Targeting mTOR can offer a wide variety of outcomes that appear beneficial with either the activation or the inhibition of mTOR pathways, suggesting that the degree of mTOR activity may play a significant role in attempts to achieve neuroprotection during the treatment of stroke. However, current studies also indicate that mTOR most likely does not function in isolation and the axis that involves PI 3-K, Akt, and mTOR should be considered more broadly in relation to potential mechanisms that affect cellular survival. For example, regulation of the combined PI 3-K, Akt, and mTOR cascade has been shown to be important to promote increased radiosensitivity against tumor cell growth and the vascular supply of tumors (144). Furthermore, combined loss of 70S6K activity with the loss of the mTORC2 substrate Akt2 is necessary for defective insulin activity and β-cell function (145), suggesting that both of these pathways may require targeting when considering therapeutic strategies to maintain glycemic control. New studies also indicate that metformin may limit prostate cancer growth and disrupt membrane initiated androgen signaling through combined mTOR, 70S6K, and AMPK signaling (146). Additional studies also have highlighted the critical role of other linked pathways to the PI3-K, Akt, and mTOR axis for cellular survival and injury that involve wingless (Wnt) signaling (86, 100, 147–150), the CCN family (87, 151, 152), cytokines such as EPO (49, 86, 99, 100), sirtuins (153–155), forkhead transcription factors (55, 156–159), neurotransmitter modulation (160), and lipid metabolism (28).

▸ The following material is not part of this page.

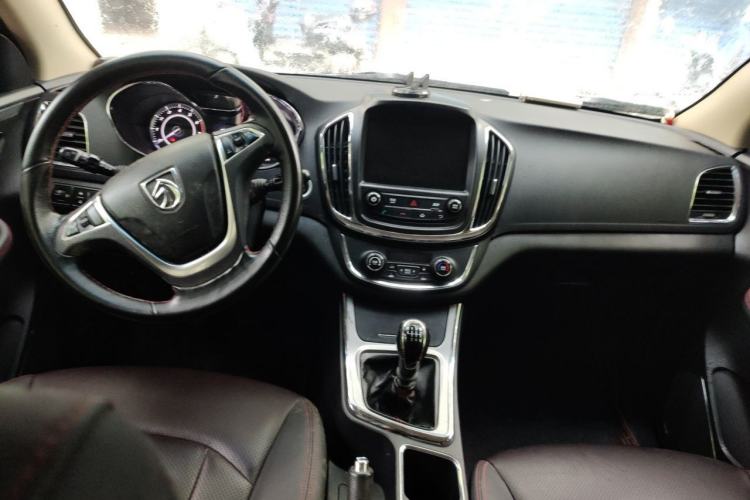 Used Baojun 560 2016 1.5T Manual Luxury Model Center Console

One also must be cognizant of the potential for tumorigenesis with the activation of the mTOR pathway. Inhibition of tumor growth and development of metastases usually requires blockade of the proliferative mTOR pathway (39, 161–163). Experimental studies show that inhibition of mTOR can block lung cancer growth (39, 163), prostate cancer (164), breast cancer (165), and colorectal cancer (166). At the clinical level, rapamycin (sirolimus) and rapamycin derivative compounds (“rapalogs”) are currently approved by the Food and Drug Administration for the treatment of subependymal giant cell astrocytoma associated with tuberous sclerosis (everolimus) and neuroendocrine pancreatic tumors (everolimus) (35, 167, 168). As result, activation of mTOR signaling may foster protection against neurodegenerative disorders but such focus must also consider the potential for unintended and unchecked cellular growth. Ultimately, knowledge of how the intricate cellular signaling pathways of mTOR can lead to sometimes very different clinical outcomes will be essential for the development of clinical strategies for stroke that rely upon mTOR.